El objetivo latente o manifiesto de los seminarios sobre Durkheim –y de otros autores como Marx, Weber, Parsons y Merton– era la formación de los estudiantes en las fuentes de la sociología y en sus manifestaciones más recientes. Se quería superar el resumen y la lectura holgazana de manuales y libros introductorios, para insistir en el examen de las grandes obras que sellaron la suerte de la sociología moderna. En el caso de Durkheim se buscaba familiarizarlos con la construcción de conceptos, la elaboración de teorías y la contrastación empírica. A diferencia de otros sociólogos de su generación, él mostraba casos concretos de investigación empírica fáciles de seguir y analizar, como en El suicidio, libro que es un excelente ejemplo de sociología en acción, de elaboración de marcos de referencia para iluminar datos dirigidos a explicar el orden y el cambio sociales en las sociedades de nuestros días.

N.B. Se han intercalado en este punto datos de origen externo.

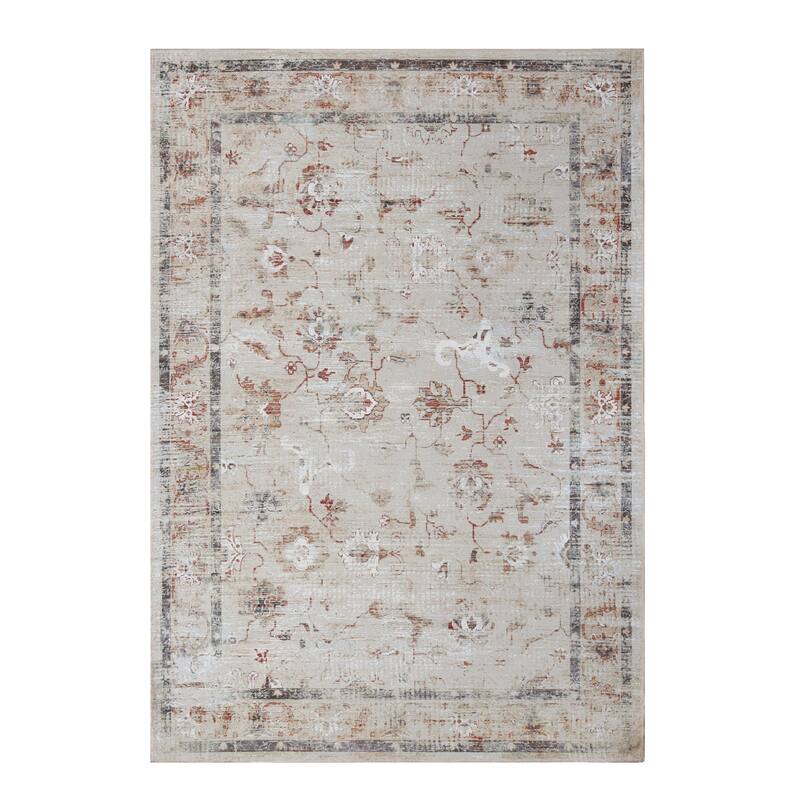 Superior Swan Floral Non-Slip Machine Washable Indoor Area Rug or Runner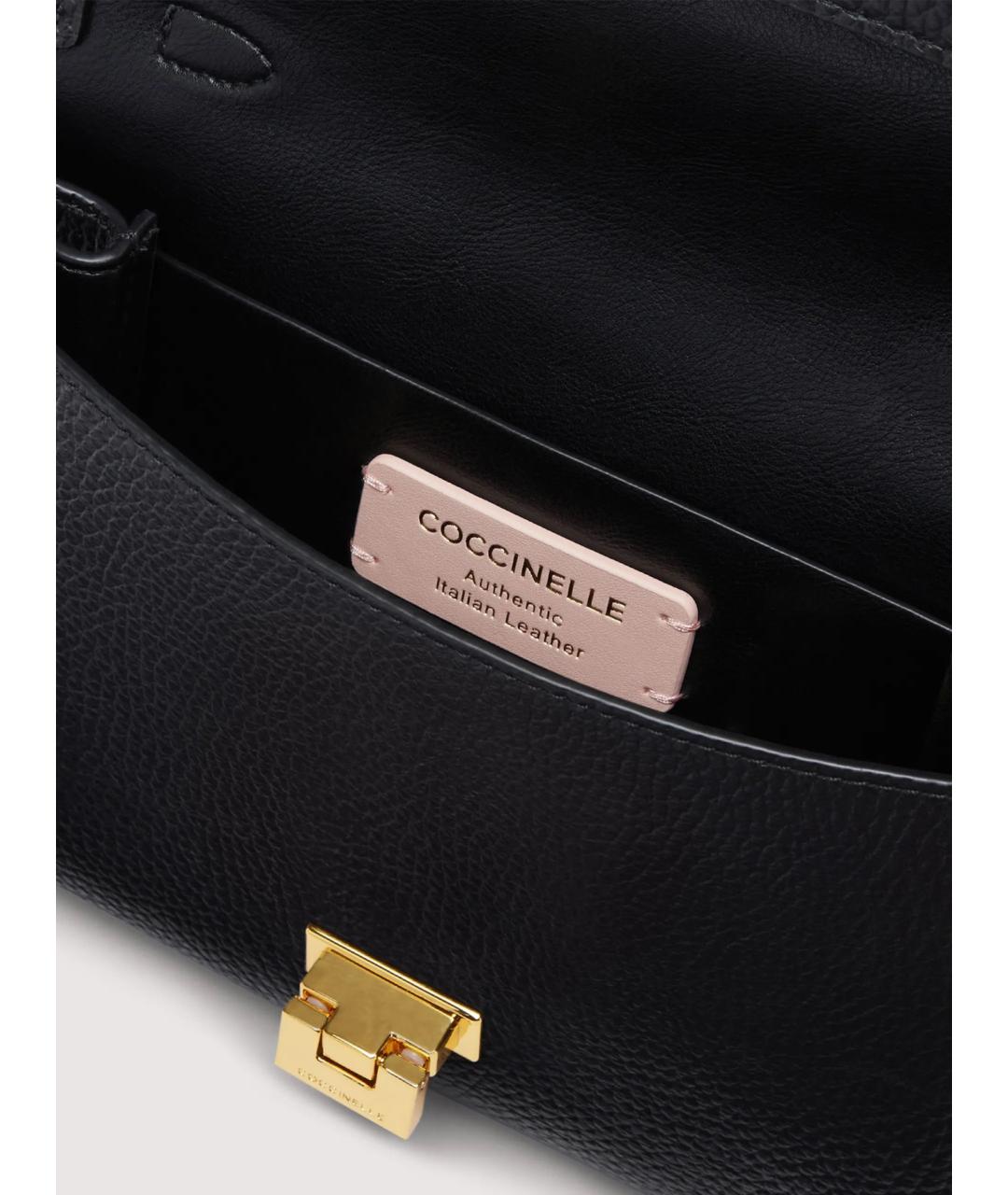 COCCINELLE Черная кожаная сумка с короткими ручками, фото 3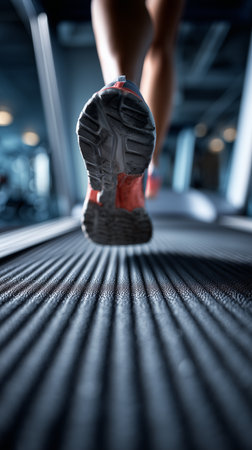 Close-up of running shoes on treadmill, emphasizing fitness and exercise in gym settingの写真素材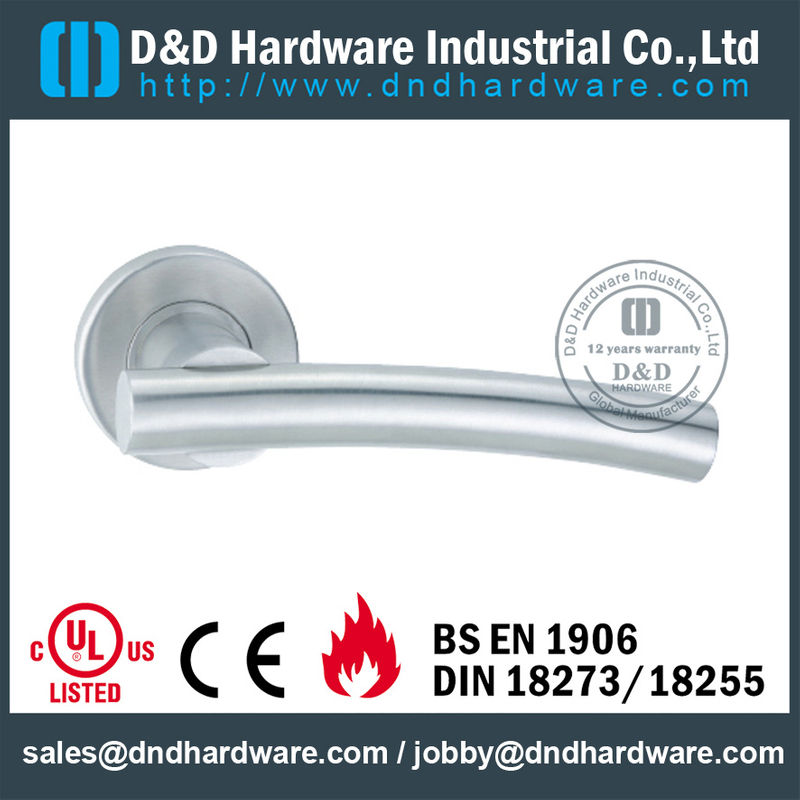 Stainless steel crank solid handle with round rose for Interior Door - DDSH124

Algo similar ocurrió en el campo pedagógico. Con la apertura de los programas de postgrado en las facultades de educación, surgió un interés por el estudio de los fundamentos sociales de la educación. La Universidad Pedagógica Nacional (UPN) inició este proceso y rápidamente se convirtió en patrón para los demás centros de formación de docentes. En 1976 creó la maestría en investigación socioeducativa, y allí la enseñanza de Durkheim cobró un valor estratégico. No sólo era el fundador de la sociología de la educación, sino también un pensador que había meditado sobre la esencia de la pedagogía y sus relaciones con la sociología y la psicología. A todo ello sumó una investigación de gran alcance sobre los estadios de la pedagogía occidental en su libro póstumo L’évolution pédagogique en France21.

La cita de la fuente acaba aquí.